The UK never joined the Schengen area, which includes 26 other European countries most of whom are EU members, but has been given some access to SIS since 2015.
British mismanagement and manipulation of the Schengen system also meant that "persons sought for arrest for instance even for terrorism related activities by Schengen Associated Countries cannot be detected upon entry to the UK," said the "restricted" EU document.
The British authorities copied the data and handed it over to border police despite the fact that some of the information contained was not only incorrect but entirely out of date, it added.
That meant that innocent people visiting or living in the UK run the risk of being flagged for violations they never committed from data that was unlawfully copied.
The 29-page document, drafted by Schengen experts from EU states and from the European Commission, said the UK violations "constitute serious and immediate risks to the integrity and security of SIS data as well as for the data subjects."
The UK also ignored alerts issued by other EU states, it said, so that "vehicles stolen on the territory of another member state and located in the UK are not seized."
A team of Schengen experts warned the UK already in 2015 to curb its abuses, but it did not comply.
At the same time, the British government is demanding use of the database following the UK's exit from the European Union next year.
Spot checks by the same team of Schengen experts composed from various member states and the European Commission documented the full range of violations in early November last year after visiting government offices, police stations, and airports in places like Warrington, Heathrow, Hampshire, Southampton and Kent.
Around half the checks were surprise visits.
They found, among other things, "that some major deficiencies in the legal, operational, and technical implementation of SIS identified during the evaluation of 2015 were not effectively remedied and still persist."
Examples abounded.
The UK has made numerous full and partial copies of SIS, increasing the risk of data breach and of having it unlawfully shared with other authorities around the world.
SIS contains information on nearly 500,000 non-EU citizens denied entry into Europe, as well as over 100,000 missing people, and some 36,000 criminal suspects. The Brits alone are said to have run some 539 million SIS checks last year.
Some of these copies were unlawfully stored on back-up laptops at airports and ports. Other copies were held at government offices.
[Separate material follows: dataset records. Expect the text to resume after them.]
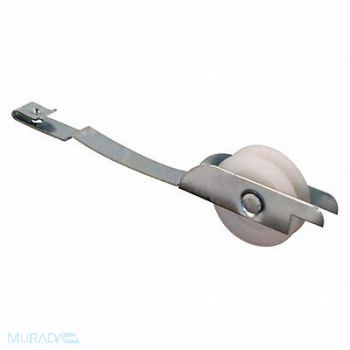 PRIME-LINE Tension Spring 7-23/64 Lx3-3/4 W Gray PR, 485U45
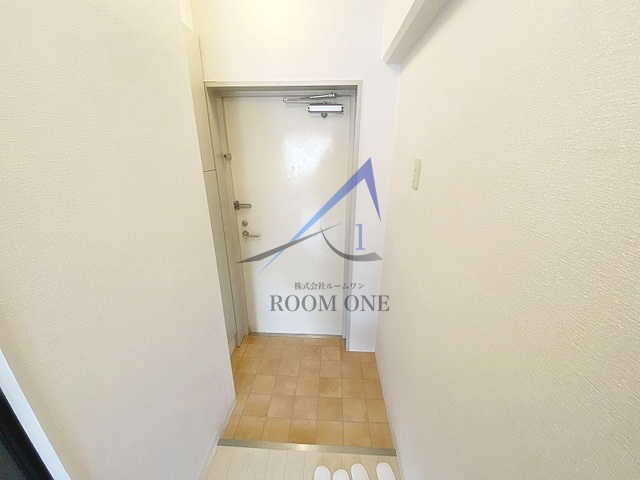 玄関　玄関です。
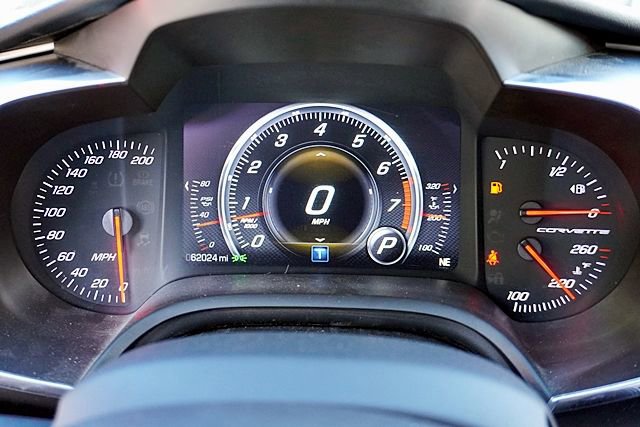Used 2014 Chevrolet Corvette Stingray Coupe w/ 2LT Preferred Equipment Group image 33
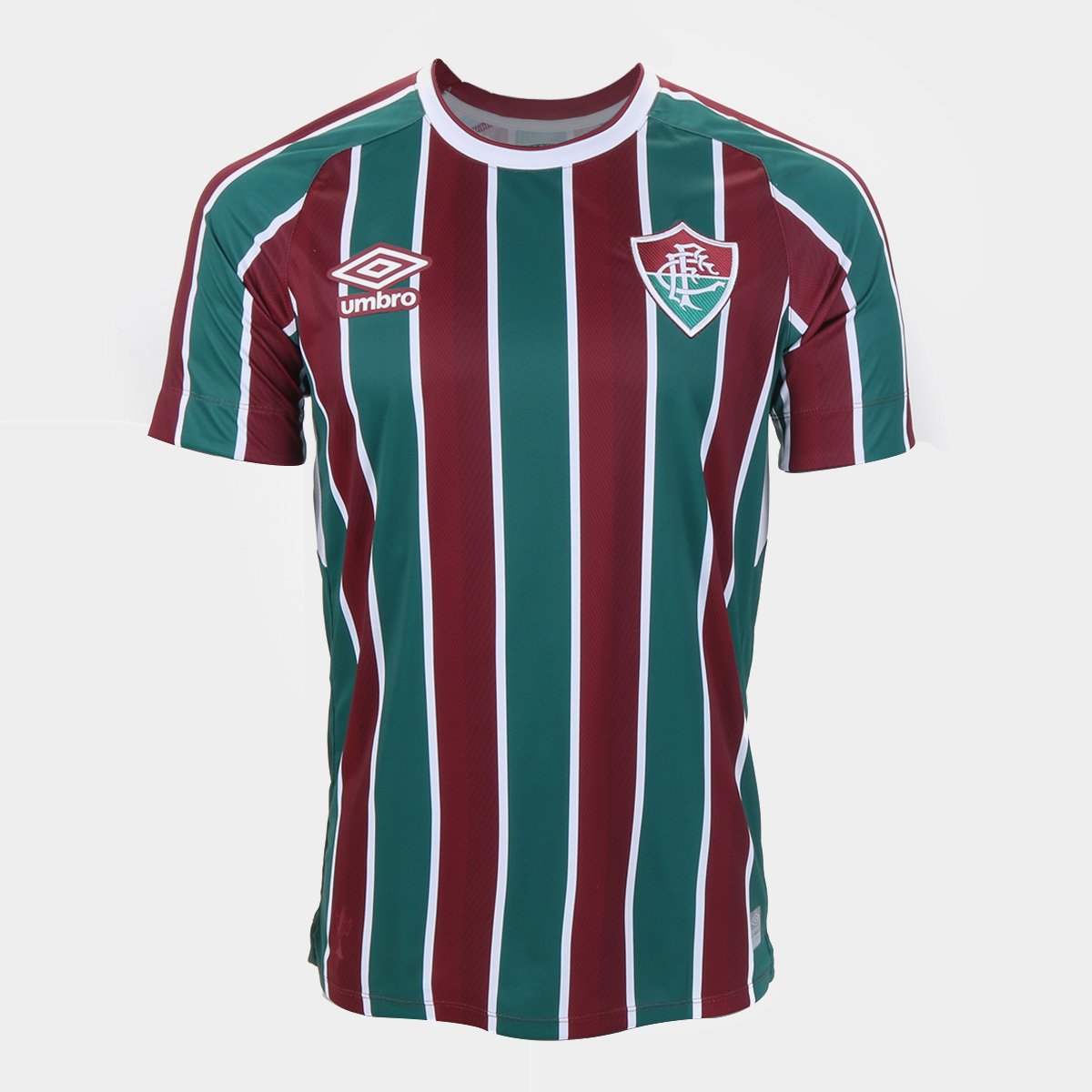 Camisa Fluminense I 21/22 s/n° Torcedor Umbro Masculina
Other still were held by private contractors like CGI, a US-Canadian company, as well as IBM and ATOS, which were hired by the UK government to run the systems.
CGI now manages a SIS copy that included photographs, fingerprints and European Arrest Warrants. IBM manages a copy used by the UK's national border targeting centre as a service for the UK Home Office, which it then stores at a data centre owned by ATOS.
"Entrusting the management of the SIS technical copies to private contractors poses increased risks in terms of physical and logical data security, especially since the private contractors in the UK are not only hosting the systems but also implement changes to the system," the EU experts' report noted.
US companies holding such sensitive data may also be required to hand it over to the US government given demands by the USA Patriot Act, warned the EU document.
Meanwhile, the UK was using partial SIS data with a variety of national systems.
These included the Warning Index, which cross-references incoming travellers against national lists of known criminals and terrorists.
The Warning Index is held and managed by Fujitsu, a private contractor, on behalf of the UK Home Office, and is running at six UK airports.
The index is also one of the biggest violators of the SIS data and "constitutes an unlawful copying of SIS data", the EU report said.
Flagged alerts for arrests were not made available at the UK borders, complicating efforts by its own border guards from spotting returning foreign terrorist fighters.
Semaphore, a system used to capture inbound and outbound passenger information supplied by airlines and shipping companies, also has access to SIS as does the UK's central national database known as IDENT1.
IDENTI1 contains information like fingerprints and palm prints from people arrested by the British police. Those prints are then matched against records held by SIS.